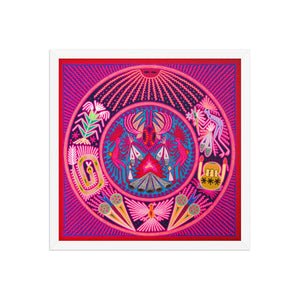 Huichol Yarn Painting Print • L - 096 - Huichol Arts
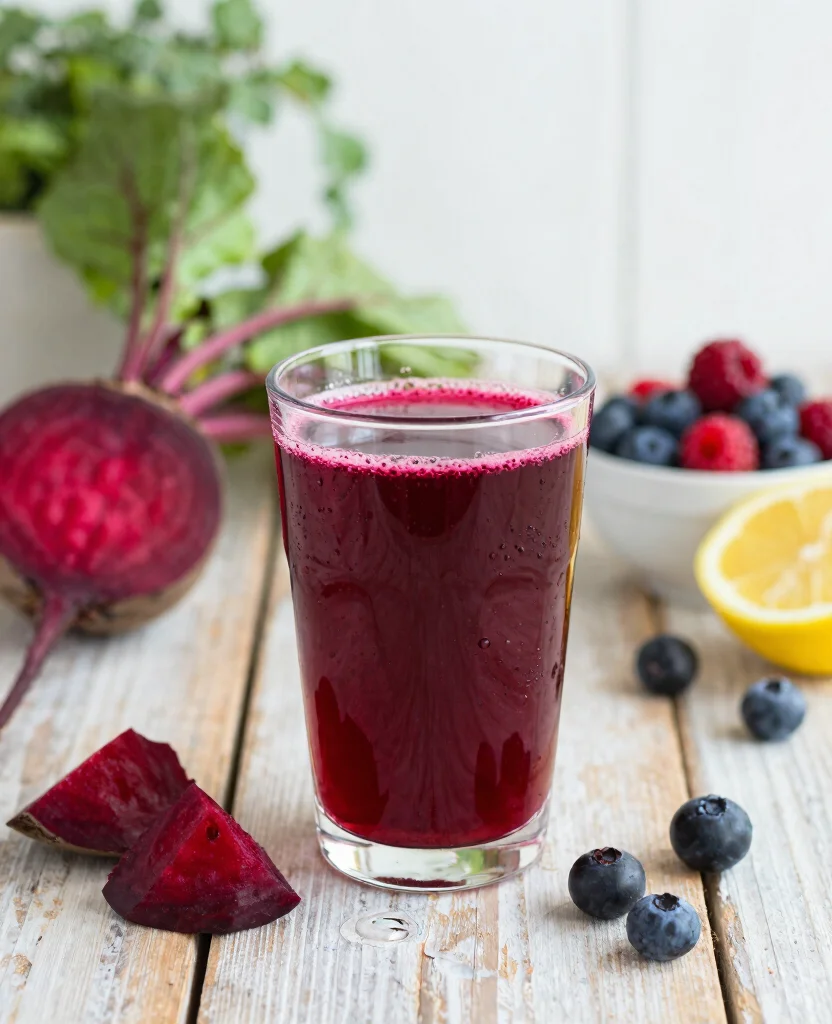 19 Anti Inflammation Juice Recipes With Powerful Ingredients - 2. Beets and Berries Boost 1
◇ ◇ ◇ ◇
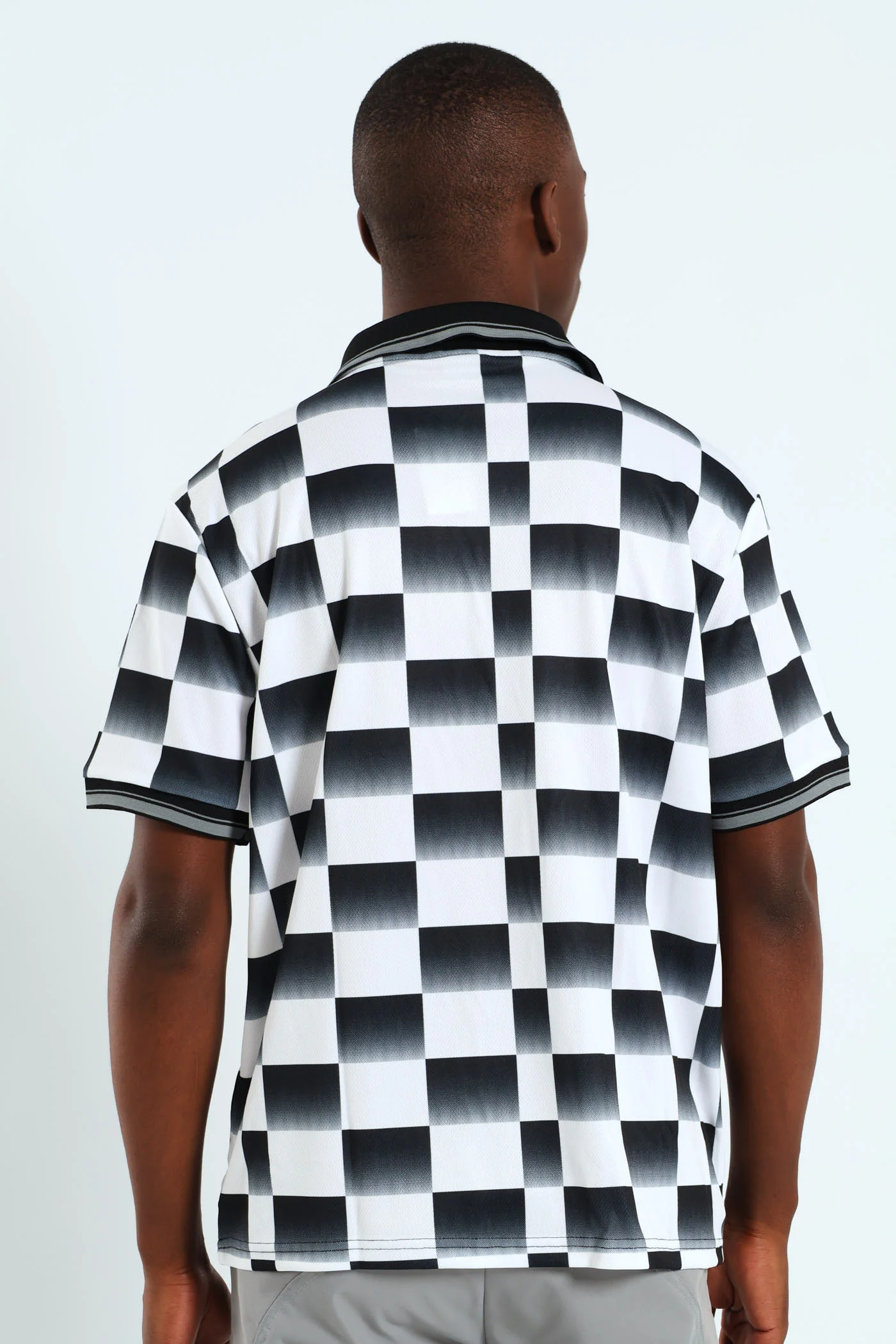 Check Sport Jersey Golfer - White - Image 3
◇ ◇ ◇ ◇
-- WORK ITEM --
In the listing above, find the line with "Huichol Yarn Painting" and the line with "19 Anti Inflammation". Copy both of them and every line between, exactly, but not the pictures.

-- RESULT FOR THIS EXERCISE --
 Huichol Yarn Painting Print • L - 096 - Huichol Arts
 19 Anti Inflammation Juice Recipes With Powerful Ingredients - 2. Beets and Berries Boost 1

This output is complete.